この問いを考えると、加奈子が何をしたのかはいくつか明らかにされたが彼女がなぜそうしたのかということは直感的には分かりづらかった。それは行為の理由が言葉として出ていない、あるいは感情的な部分が全く表れていないからではないかと思う。現実世界ではそれらが出ておらずとも断片的な情報を頼りに何かしら合理的な事由を当てはめてしまいがちだが映画ではその情報が制限される、つまり加奈子のセリフとはほとんどが受け手の望む言葉であり、加奈子は鏡のようであり物語の促進剤であった。触媒とも言えようか。そこに小松菜奈というイメージの強さが合わさり幾重にも重なる膜で覆われた加奈子の内面には私は到底たどり着けなかった。

語りの構造は失われた消失点を求めて。桐島部活辞めるってよ、チワワちゃんなどと共通する。まぁサスペンスではよくあるか、逆に桐島・チワワが珍しいか。撮り方は兎に角カットが割られるが、それは現在と3years agoを短絡的に見せて切れ切れのイメージでリズムを刻んでいくというスタイルゆえか。カメラもまぁ揺れる、バレット・バレエと同じく途中で気持ち悪くなった。撮り方はよかった。それにしてもキャスト13人も知ってた驚き。。どの役者もハマってるというかバックグラウンドは分かりづらくも存在感があった。

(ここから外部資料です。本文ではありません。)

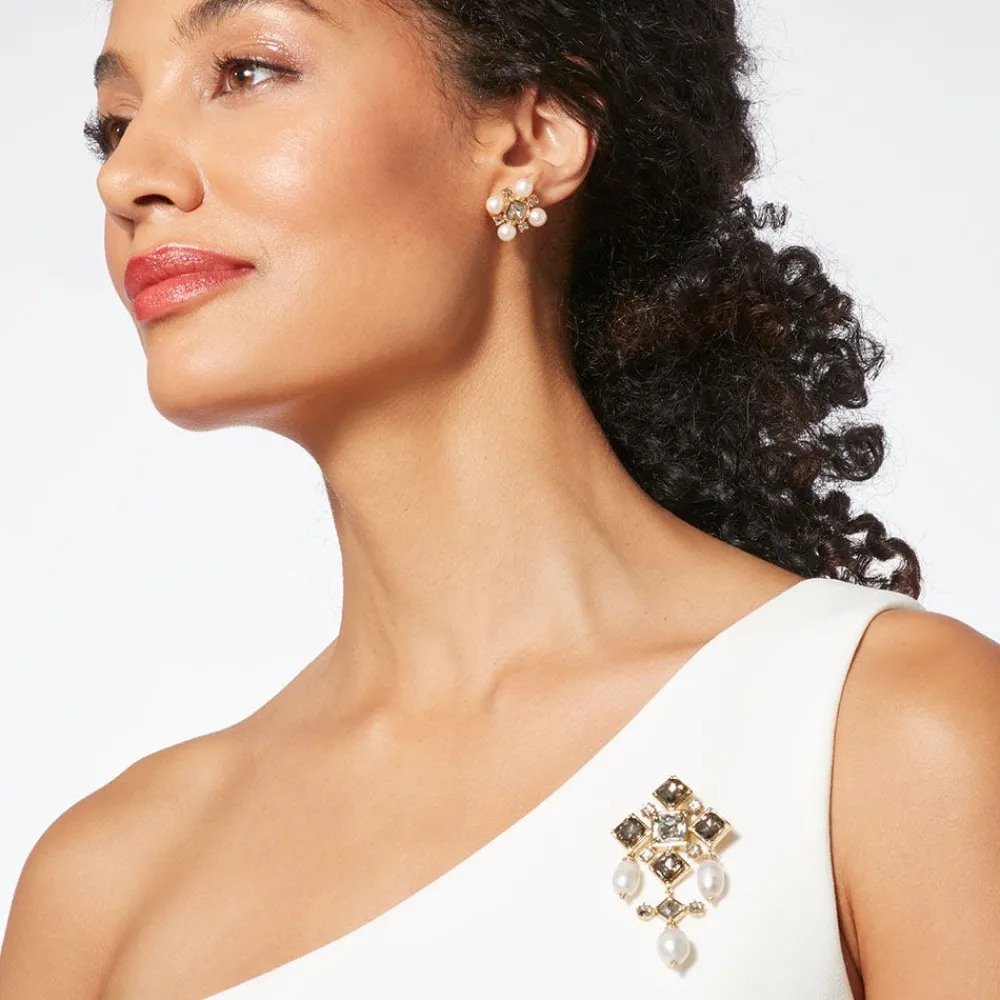 Royal Tudor Pearl Chandelier Brooch*The Met Store Cheap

橋本愛、主演の「ここは退屈迎えに来て」よりいい。清水尋也、初見はちはやふるだけどこっちの方が合ってるのでは。セトウツミの二人は、高杉真宙、気づかなかった、こんな役できるとは。葉山奨之、ほとんどそのまま、幅が広い。黒沢あすか、再認識した、冷たい熱帯魚、そして六月の蛇、最高。